Tidak hanya pada area medis, begitu pula di dalam kantor-kantor pemerintah maupun swasta. Selalu saja mempersulit urusan seseorang. Apabila ingin bertemu dengan pejabat, maka tak tampak kejujuran dari perkataannya. Sehingga kadang seseorang memilih menunggu daripada datang pada esok hari. Sebenarnya mereka sendirilah yang membuat segalanya menjadi rumit. Belum lagi dalam proses administrasi yang semua orang sudah tahu, bahwa akan sangat sulit dalam mengurus sesuatu tanpa "orang dalam". Ayolah, kita adalah makhluk yang sama-sama memiliki kepentingan.
Dari sudut yang lain, sudah harus menjadi perhatian bersama bahwa kampus adalah tempat dengan pelayanan terburuk dari seluruhan unit pelayanan. Dari menuntut keadilan tentang nilai hasil perkuliahan, pun sampai proses pembayaran. Entah mengapa seorang admin pada kampus-kampus negeri maupun swasta berlaku selayaknya Dewa yang harus dibujuk dan merengek padanya.
Apa yang sebenarnya terjadi? Mengapa senyum dan sikap ramah menjadi hal yang sangat sulit bagi seorang petugas pelayanan? Jika seseorang datang, mereka menampakkan ekspresi seolah gaji mereka tidak dibayarkan selama 3 bulan. Tetapi apabila sudah selesai, mereka justru tertawa ria bersama petugas yang lainnya.

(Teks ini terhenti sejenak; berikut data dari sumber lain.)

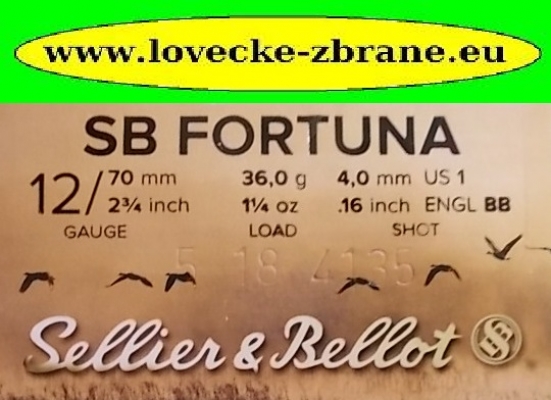 Obrázek pro Náboj 12/70/4mm/36g S&B Fortuna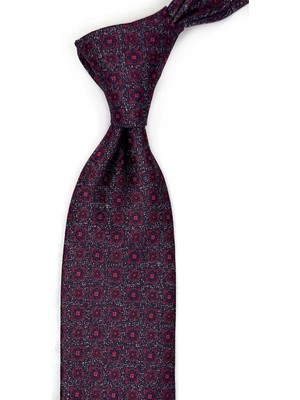 Kravatkolik Kırmızı Kum Desen Mendilli Klasik Kravat KK13557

Dari pelayanan medis, pengurusan kampus, menemui pejabat, mengisi bahan bakar, bahkan saat berbelanja, senyum itu sudah hilang dari kehidupan mereka.
"Selamat datang di toko kami, selamat berbelanja". Mereka sudah tidak melihat ke arah pelanggan. Sibuk dengan sesuatu yang tidak kita ketahui. Sangat berbeda pada saat awal launching. Sehingga dapat ditarik kesimpulan, bahwa semakin meningkatnya kebutuhan terhadap sesuatu, maka semakin tinggi leher petugas pelayanan.
Sudah waktunya kita berbenah. Hal ini harus kita sampaikan kepada setiap petugas pelayanan yang kita temui. Mari saling mengingatkan. Tidak usah ragu untuk menegur mereka agar bersikap sebagaimana mestinya. Â Mungkin saja keluhan kita adalah problem sosial yang umumnya dirasakan oleh masyarakat.